Task description – Only the lines from the one with "Pungi premium pentru" through the end of the data are wanted, copied exactly.

Material provided –
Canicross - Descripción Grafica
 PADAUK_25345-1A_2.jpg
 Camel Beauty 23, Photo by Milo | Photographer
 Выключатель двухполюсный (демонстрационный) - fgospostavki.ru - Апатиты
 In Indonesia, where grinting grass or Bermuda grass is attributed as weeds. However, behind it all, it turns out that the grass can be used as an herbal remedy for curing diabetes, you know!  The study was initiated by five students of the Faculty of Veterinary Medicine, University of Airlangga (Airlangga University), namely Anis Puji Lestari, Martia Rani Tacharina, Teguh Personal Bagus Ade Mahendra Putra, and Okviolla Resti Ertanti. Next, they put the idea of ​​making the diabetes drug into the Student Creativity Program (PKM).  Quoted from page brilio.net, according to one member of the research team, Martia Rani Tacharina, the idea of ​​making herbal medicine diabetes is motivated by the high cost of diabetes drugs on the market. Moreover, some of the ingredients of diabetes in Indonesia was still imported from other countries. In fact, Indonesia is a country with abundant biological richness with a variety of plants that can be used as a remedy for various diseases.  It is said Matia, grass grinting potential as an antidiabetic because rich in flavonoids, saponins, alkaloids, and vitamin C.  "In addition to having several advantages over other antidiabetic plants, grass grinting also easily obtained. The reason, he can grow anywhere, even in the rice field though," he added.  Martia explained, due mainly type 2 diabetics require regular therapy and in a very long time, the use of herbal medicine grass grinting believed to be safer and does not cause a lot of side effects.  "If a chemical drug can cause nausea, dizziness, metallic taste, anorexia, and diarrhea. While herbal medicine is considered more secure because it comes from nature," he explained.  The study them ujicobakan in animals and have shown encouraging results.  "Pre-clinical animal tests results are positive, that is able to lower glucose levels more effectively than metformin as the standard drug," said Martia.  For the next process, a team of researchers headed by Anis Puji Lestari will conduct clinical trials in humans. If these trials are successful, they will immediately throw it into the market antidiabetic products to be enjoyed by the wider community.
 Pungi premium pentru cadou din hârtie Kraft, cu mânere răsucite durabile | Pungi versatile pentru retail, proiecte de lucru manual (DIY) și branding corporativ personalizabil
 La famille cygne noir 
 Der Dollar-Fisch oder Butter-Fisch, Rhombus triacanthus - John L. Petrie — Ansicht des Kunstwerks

Solution for this task –
 Pungi premium pentru cadou din hârtie Kraft, cu mânere răsucite durabile | Pungi versatile pentru retail, proiecte de lucru manual (DIY) și branding corporativ personalizabil
 La famille cygne noir 
 Der Dollar-Fisch oder Butter-Fisch, Rhombus triacanthus - John L. Petrie — Ansicht des Kunstwerks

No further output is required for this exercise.